Terraform RabbitMQ Autocluster

At mytaxi we are handling a lot of MQTT traffic back and forth with the taxi driver app. Thousands of connections must be kept for all online drivers. The system behind that has to be fast and reliable otherwise customers might not be able to book a taxi. Our former RabbitMQ setup was running on Amazon Linux. While planning a RabbitMQ update we found, that Amazon Linux only provides Erlang R14B04 in their repositories. So Amazon Linux was a dead end. We then turned to Docker and slightly modified the alpine-rabbitmq-autocluster image for our needs. Together with an AWS Autoscaling Group we created a setup that is easy to provision and scale.

This post will describe how to launch a RabbitMQ Cluster in AWS with the help of Terraform and the RabbitMQ Autocluster Plugin. The cluster only provides MQTT access, but can easily be modified for AMQP. It runs RabbitMQ 3.6.9 on Erlang OTP 19.1 in an Alpine Linux 3.5 container.

Check out the repository to get started.

RabbitMQ

Docker

The docker folder contains all necessary assets for the RabbitMQ Autocluster container.

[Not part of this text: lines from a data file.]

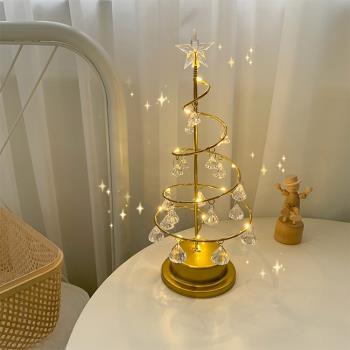 北歐ins同款復古圣誕樹小夜燈水晶星星燈少女臥室裝飾氛圍燈擺件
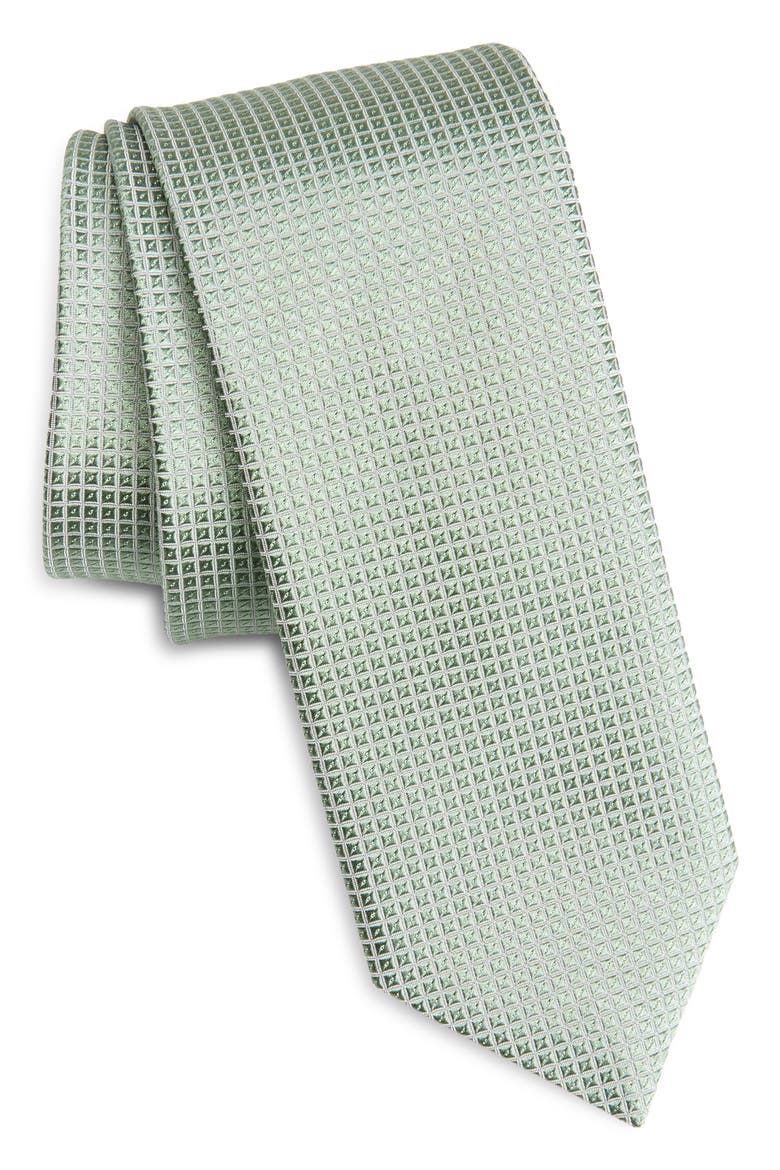 Silk Blend Jacquard Tie, Main, color, OPEN GREEN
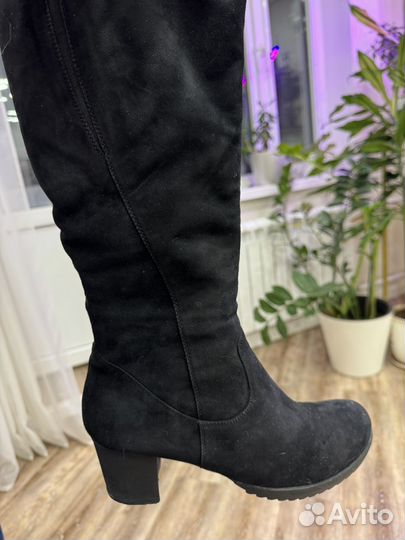 Зимние замшевые сапоги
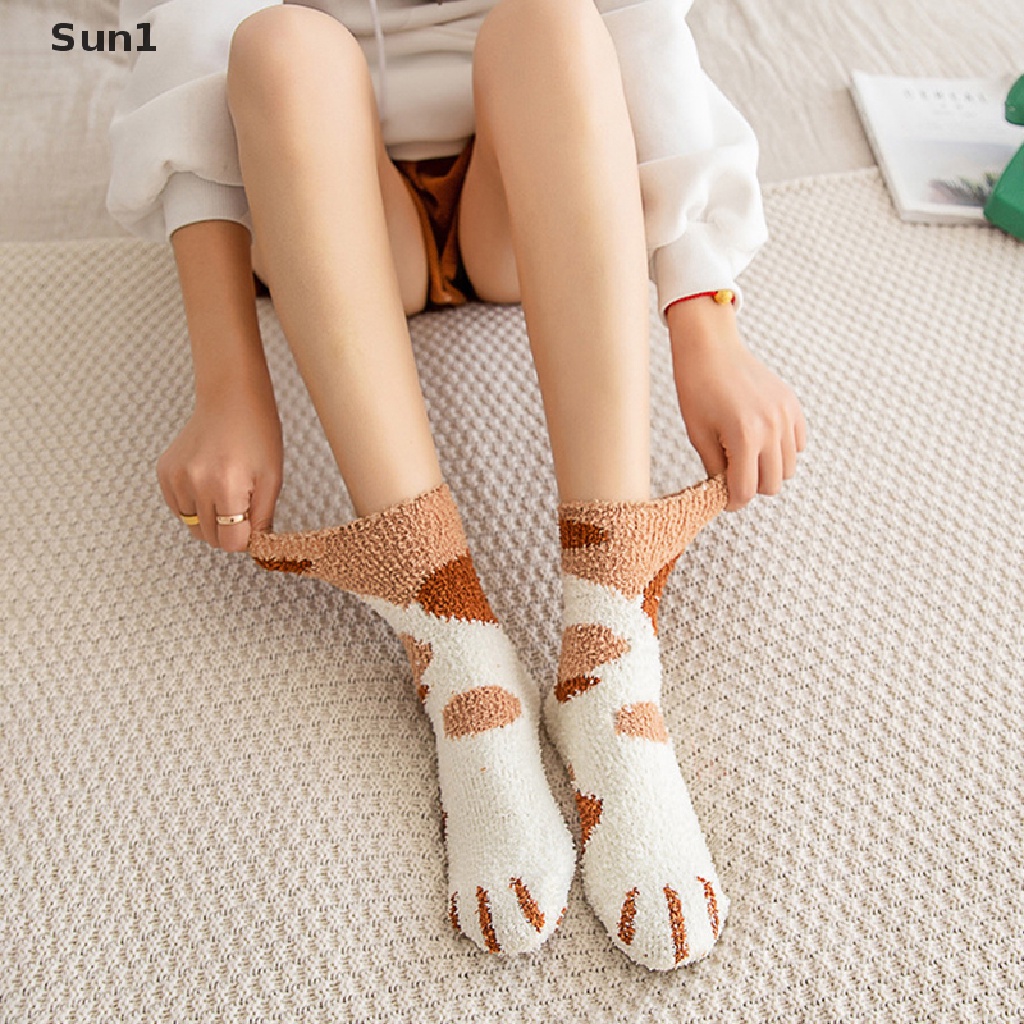 Vớ Lông Cừu San Hô Dày Ấm Áp Mềm Mại Hình Chân Mèo Dễ Thương Cho Nữ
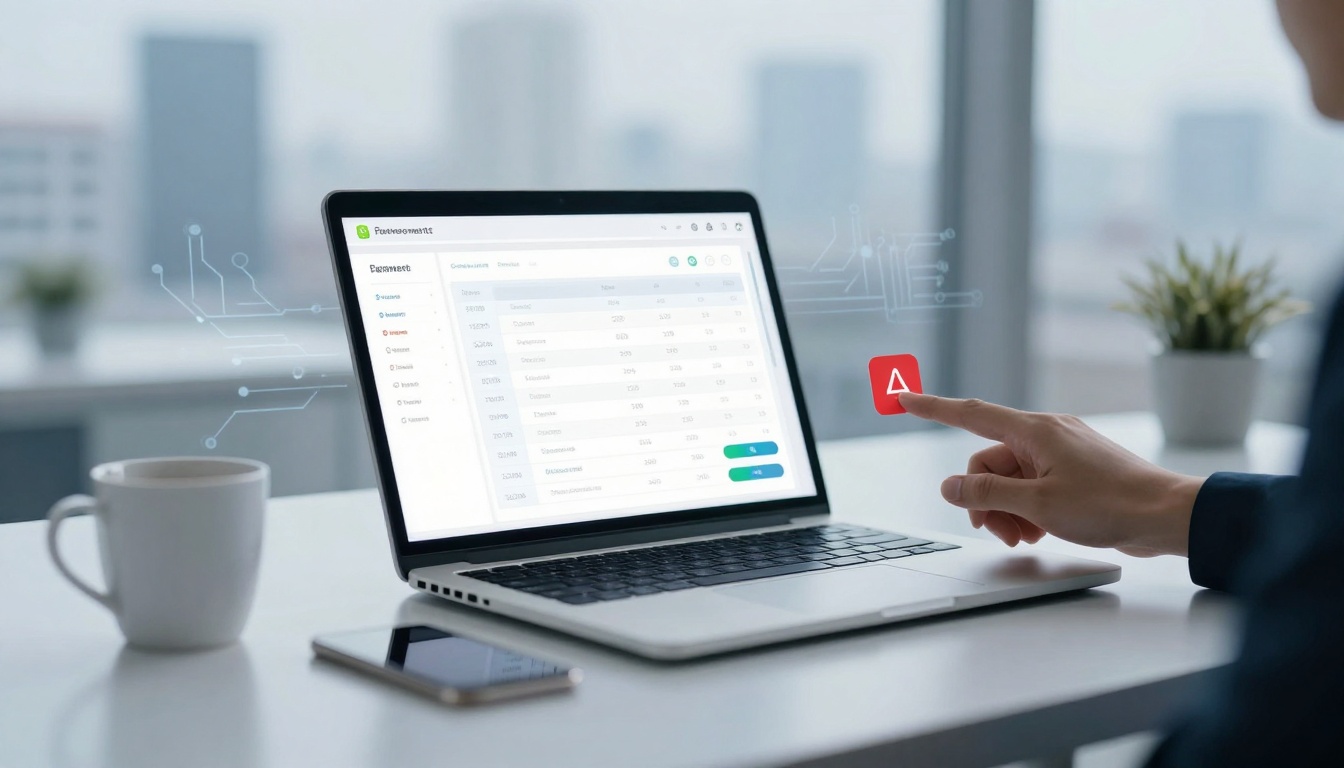 A hand interacts with a holographic icon above a laptop displaying a spreadsheet. A smartphone and white mug are on the desk.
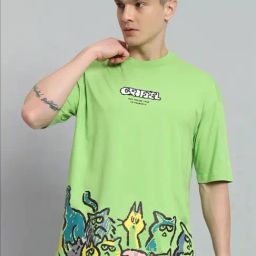 Griffel Green Cotton Loose Fit Printed T-Shirt-image-29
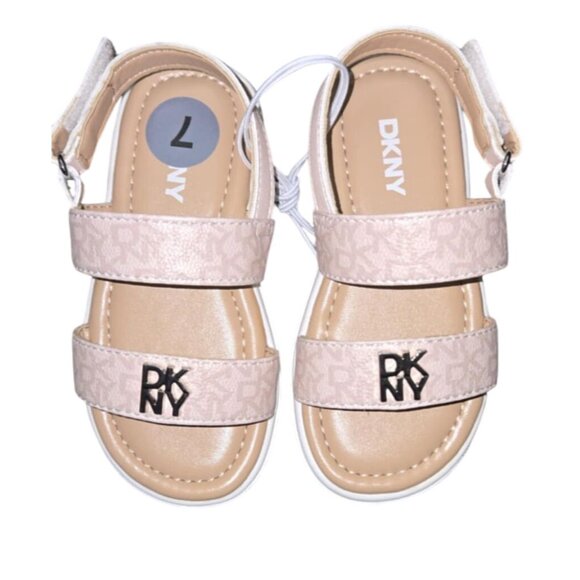 DKNY Girls Sandals With Adjustable Velcro Straps Size 7 - Picture 1 of 3
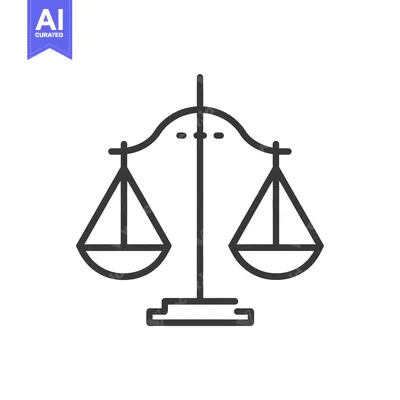 Aset desain premium: Line art illustration of a balance scale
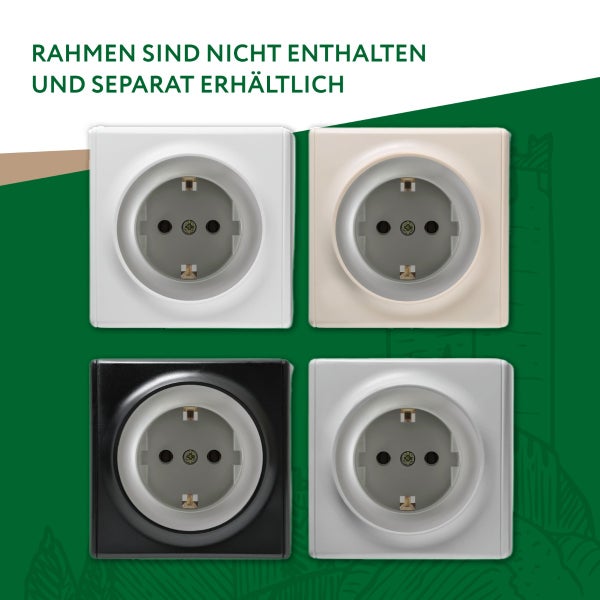 Vier Schuko Steckdosen Einsätze in verschiedenen Ausführungen, Rahmen sind nicht enthalten und separat erhältlich.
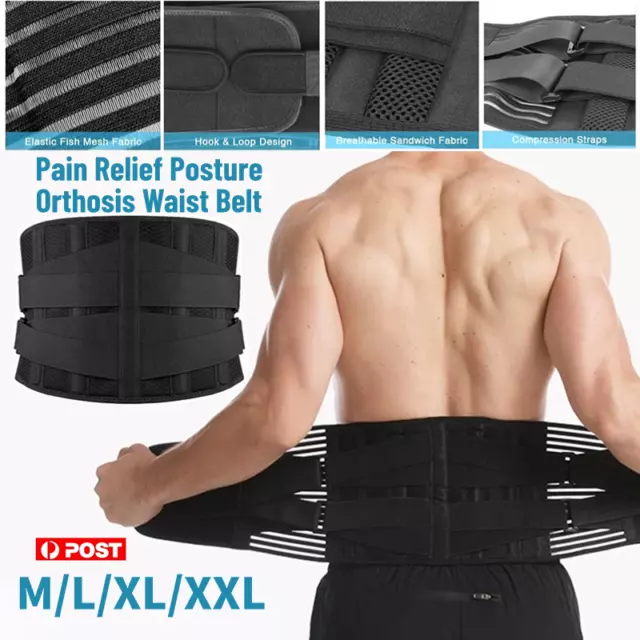 Neoprene Double Pull Lumbar Lower Back Support Belt Brace For Spine Posture Pain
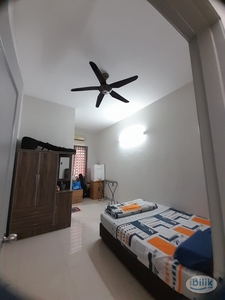 Fully furnished room with attached bathroom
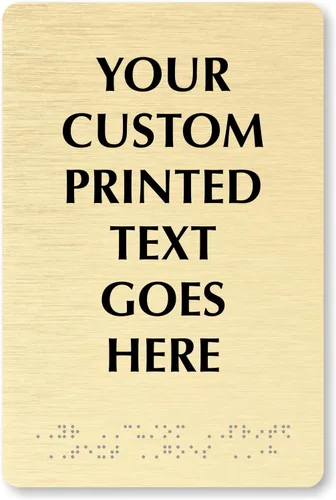 Vista 10 de SmartSign Letrero de Braille personalizado horizontal, 4 x 8 pulgadas, compatible con ADA, opciones de oro cepillado/plata, letrero de plástico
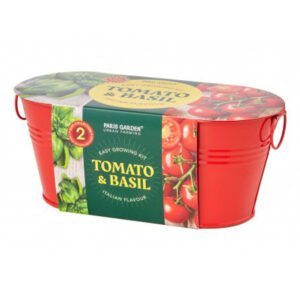 Paris Garden Tomato & Basil Mini Zinc Collection Colour Oval Pots Duo Collection 2 Seeds Varieties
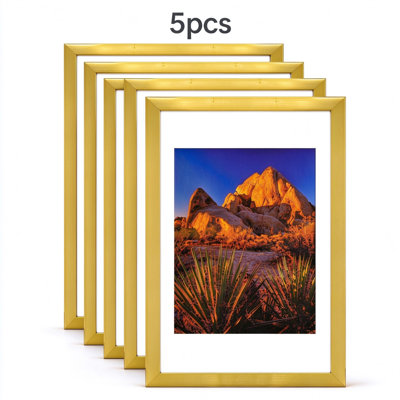 Set of 5 12×18 Picture Frames, PVC Large Wall Mount Frames with PS Glass & Acid-Free Mat – Horizontal/Vertical Display for Posters, Art Prints, Panoramic Photos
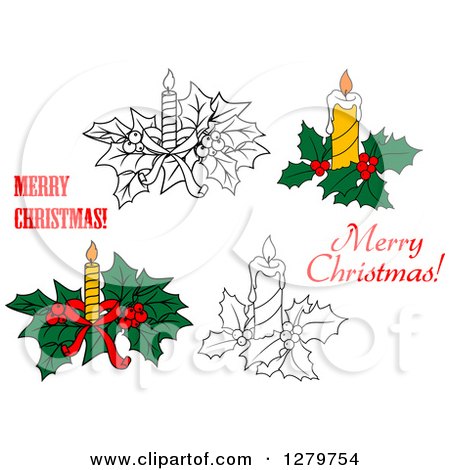 Clipart of Merry Christmas Greetings with Candles and Holly - Royalty Free Vector Illustration by Vector Tradition SM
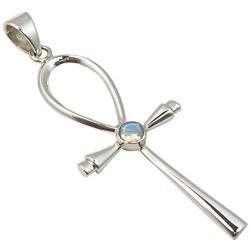 SilverStarJewel 925 Solid Silver 4 x 4 mm Rainbow Moonstone Pendant 2.3'' Art Jewelry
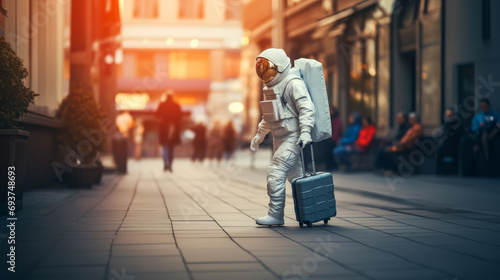 Astronaut with suitcase walk in city street area. Urban exploration concept. Generative AI © ImageFlow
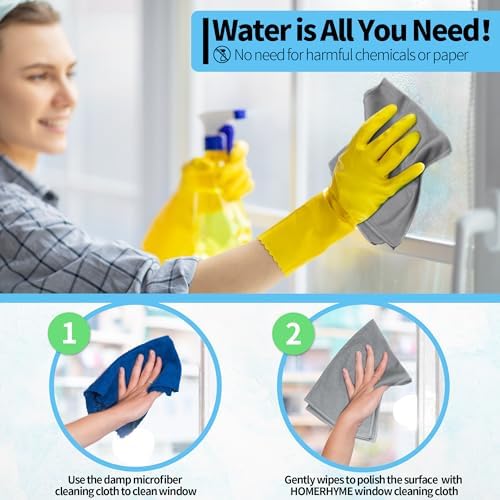 Microfiber Cleaning Cloth - 10 Pack Glasses Cleaning Cloth, 16" x 14" Window Cleaning Rags, Streak Free Lint Free Polishing Cloths Wipes for Eye Glass, Stainless Steel, Windshield, Grey - Image 5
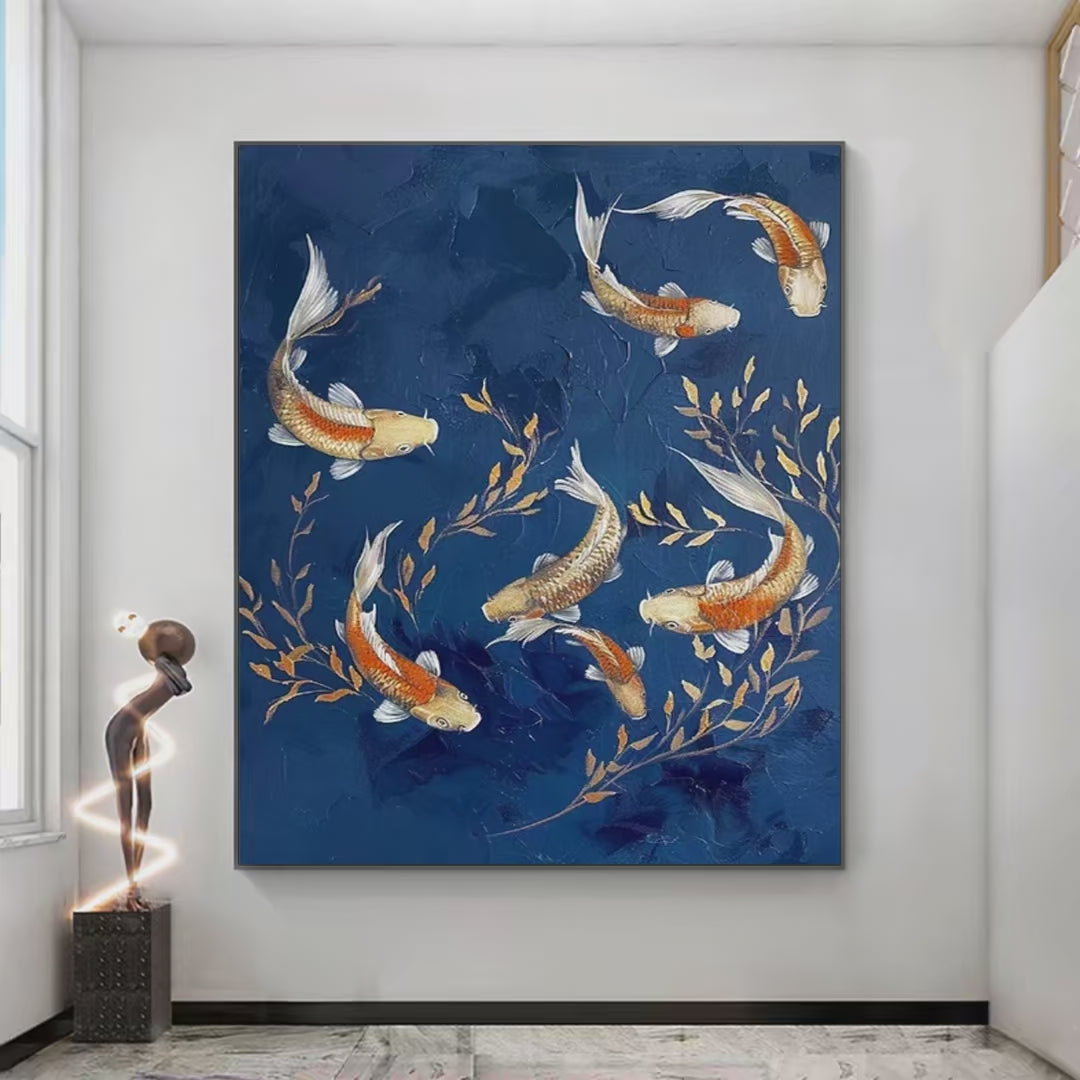 GOLDEN KOI: Vertical Koi Fish Painting on Blue Background - Image 4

The Autocluster and AWS plugin are directly placed in the docker/plugins folder.

The config enables the following plugins:

AWS
Autocluster
Management
MQTT

Instance Userdata

The userdata script is a piece of bash that AWS runs during initial instance startup. It runs as root, so we have the opportunity to install Docker and launch the container. If you work in another AWS region than eu-west-1, be sure to change the region specific settings in the userdata file.

Here is the commented Docker run command that starts the container:

docker run -d \
    --name rabbitmq \
    --net=host \ <- Host networking for performance
    --dns-search=eu-west-1.compute.internal \ <- Region specific
    --ulimit nofile=65536:65536 \ <- Increase open file limits
    --restart on-failure:5 \
    -p 1883:1883 \
    -p 4369:4369 \
    -p 5672:5672 \
    -p 15672:15672 \
    -p 25672:25672 \
    -e AUTOCLUSTER_TYPE=aws \
    -e AWS_AUTOSCALING=true \
    -e AUTOCLUSTER_CLEANUP=true \
    -e CLEANUP_WARN_ONLY=false \
    -e AWS_DEFAULT_REGION=eu-west-1 \ <- Fill in your region
    -v /mnt/storage:/var/lib/rabbitmq/mnesia \ <- Volume on the host for RabbitMQ data
    hrzbrg/rabbitmq-autocluster

Config Learnings

As of RabbitMQ 3.6.7 background garbage collection has been disabled per default. We have found that this leads to out of memory issues in our setup. Hence background GC was enabled explicitly in the config:

      {background_gc_enabled, true},
      {background_gc_target_interval, 60000},

Terraform

A lot of our cluster setups are maintained with Terraform. It gives us the certainty of reproducable infrastructure and instant documentation through infrastructure-as-code.

Open the main.tf to see the building blocks that Terraform will set up.

The Autoscaling Group initially consists of 3 servers. The instance type can be configured in the variables.tf as instance_type. In production we went for c3.xlarge.
The Launch Configuration feeds the userdata.sh and SSH Key to the instances.
An Elastic LoadBalancer sits in front of the cluster to handle SSL termination for the MQTT port 8883.
Two Security Groups are created. One for the ELB that only allows port 8883. Another one for the cluster instances that allows traffic from the ELB and SSH/RabbitMQ Management access from a manually defined IP range.

Once you filled in all necessary variables in the variables.tf you are ready to run Terraform to launch the Autoscaling Group.
After a successful Terraform run the RabbitMQ Management Interface will be available on any node via http://$instance_ip:15672.